Mobile money does contribute to the slowdown of cash payments, according to the CNBC report. U.S. Bank surveyed over 2,000 people and found that 50 percent carry cash with them less than half the time whenever they go out. And 76 percent only bring less than $50 for small emergency purchases.
The Vibes 2019 US Mobile Consumer report revealed that 28 percent of smartphone users are already using a mobile wallet of some sort, higher than 2018’s 22 percent. Also, 20 percent expressed their interest in digital wallets, suggesting the projected rise of this payment method.
Although the US has yet to fully embrace this method, businesses have plenty of reasons to adopt mobile transactions as early as now. Mobile payment systems allow them to incorporate incentive and loyalty programs. These setups help customers to keep track of their points, purchases, and rewards, which can encourage more purchase.
Mobile transaction systems also enable businesses to easily monitor and understand the purchasing behavior of customers. This can strengthen a brand’s personalization efforts for marketing.
But the rise of digital payments doesn’t mean businesses should forgo cash transactions entirely. The point is to be where the customers are. And while mobile transaction is slowly gaining traction, bills and coins remain relevant in people’s purchasing activities.
Green is Still In
Consumers use different payment methods depending on their location, the item they’re buying, and the retailer. For instance, 41 percent of internet users would rather swipe their credit cards when buying from online-only sellers. But only 24 percent paid via credit at convenience stores because cash seemed like the more logical option.

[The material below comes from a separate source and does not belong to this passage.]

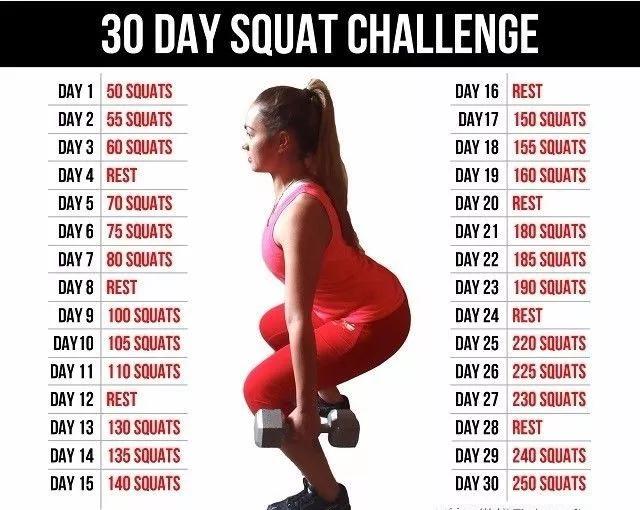 深蹲治百病有医学依据吗,深蹲治疗疾病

What this means is that businesses should tailor their transaction options according to the market, business type, and products. Another trick is to look for a flexible software or device that allows them to accept a variety of payment methods, such as merchant accounts. Providers like Merchant Card Advisors offer systems that support online, mobile, and in-person payments.
Most merchant services support various credit card networks, fund transfers, and mobile wallets, and come with a POS terminal as well. So, you can cater to both cash and digital wallet users.
Ultimately, integrate your payment system with your overall marketing strategy. For example, accepting mobile transactions is the logical move if you’re planning to target the smartphone-dependent market. This can mean partnering with different digital wallets or creating your own mobile app. But if you’re only starting to digitize your sale, prioritizing online credit card transactions is a smart move. According to ING Bank, 45 percent of online transactions are still made via credit cards.
Study your market carefully and plot payment methods to serve your customers well. Convenience, and data security, is key to attracting mobile-savvy buyers.